**Directions for this task**:
Write every entry out again exactly, please, and skip the pictures.

**Data for processing**:
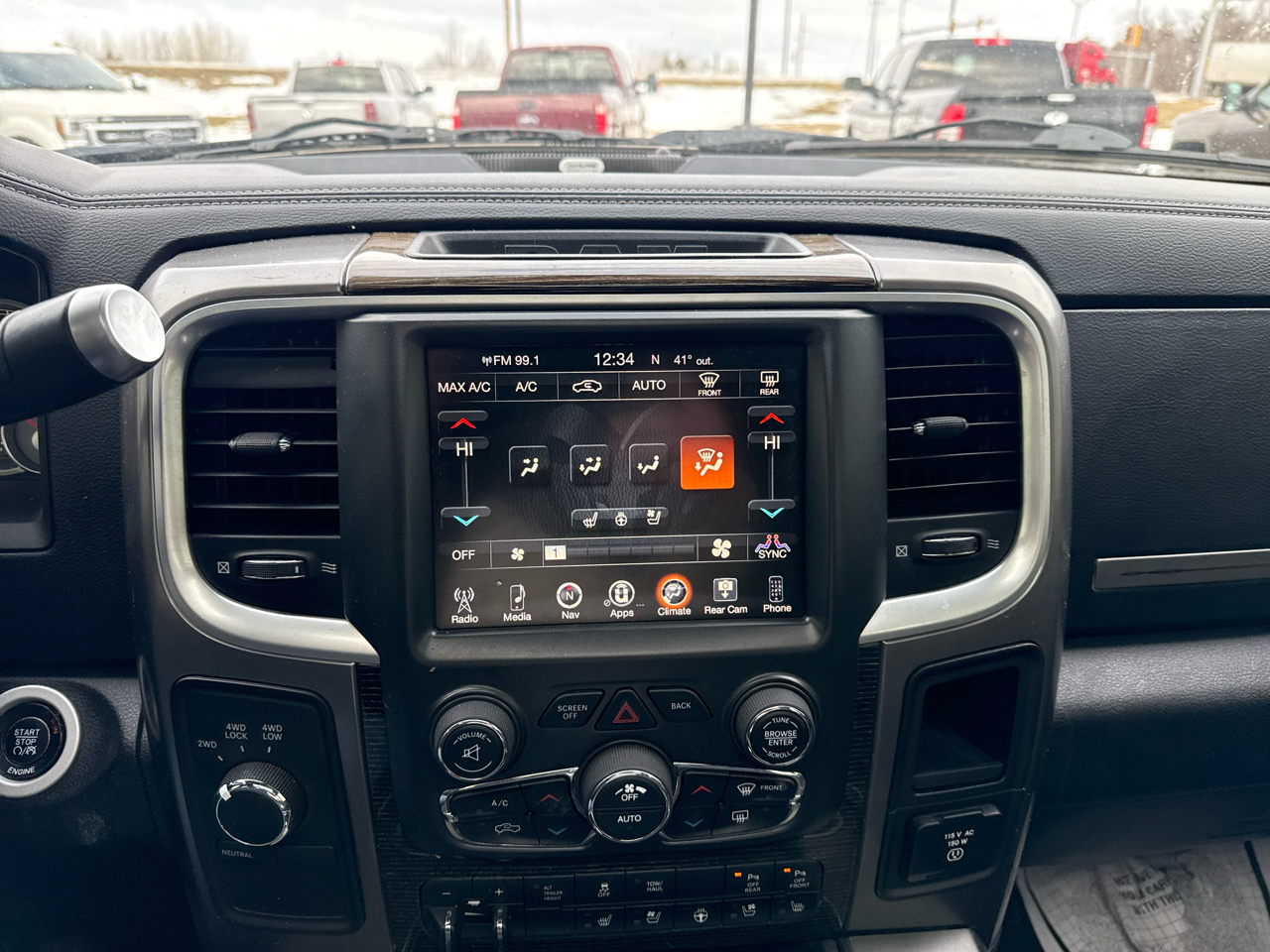 RAM 2500 Longhorn Mega Cab SWB 4WD 2016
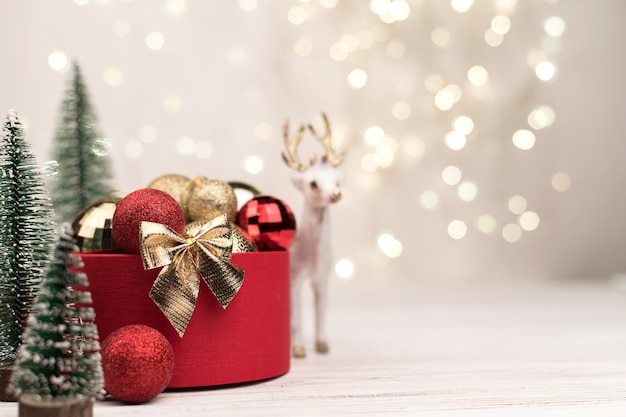 Confezione regalo di Natale rossa con fiocco dorato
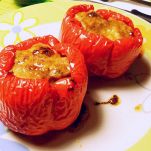 Peperoni ripieni di arista e funghi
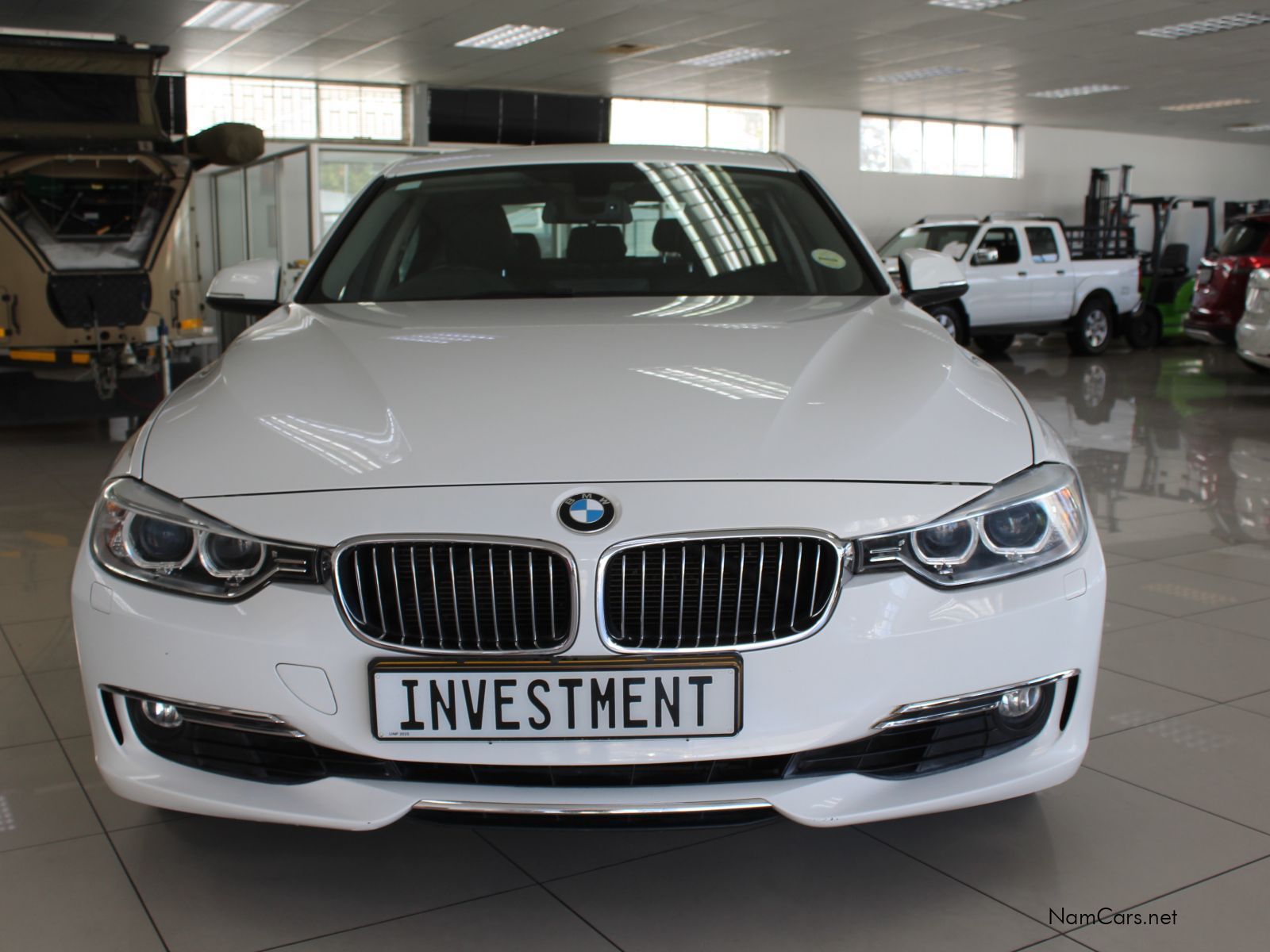 2013 BMW 3 Series photo 2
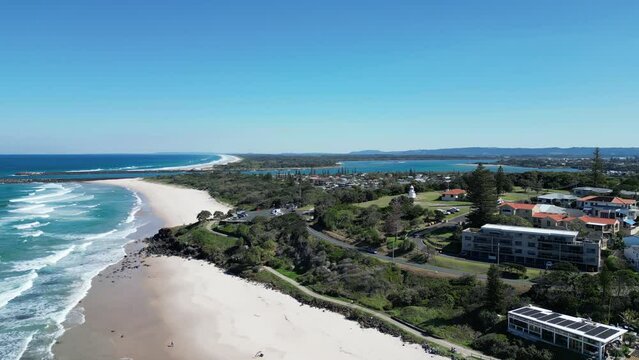 Ballinaの綺麗な海岸沿いの街並み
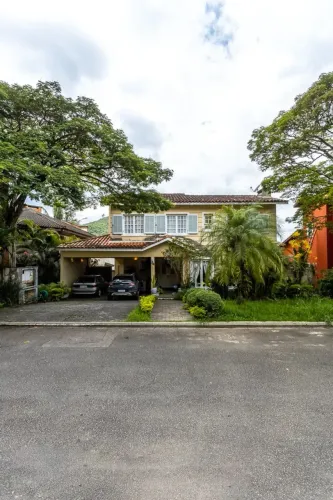 Casa para locação Residencial Alphaville 10 em Santana de Parnaiba - SP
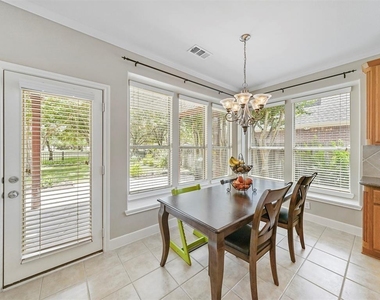 22311 Claysprings Lane - Photo Thumbnail 8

**Written solution**:
 RAM 2500 Longhorn Mega Cab SWB 4WD 2016
 Confezione regalo di Natale rossa con fiocco dorato
 Peperoni ripieni di arista e funghi
 2013 BMW 3 Series photo 2
 Ballinaの綺麗な海岸沿いの街並み
 Casa para locação Residencial Alphaville 10 em Santana de Parnaiba - SP
 22311 Claysprings Lane - Photo Thumbnail 8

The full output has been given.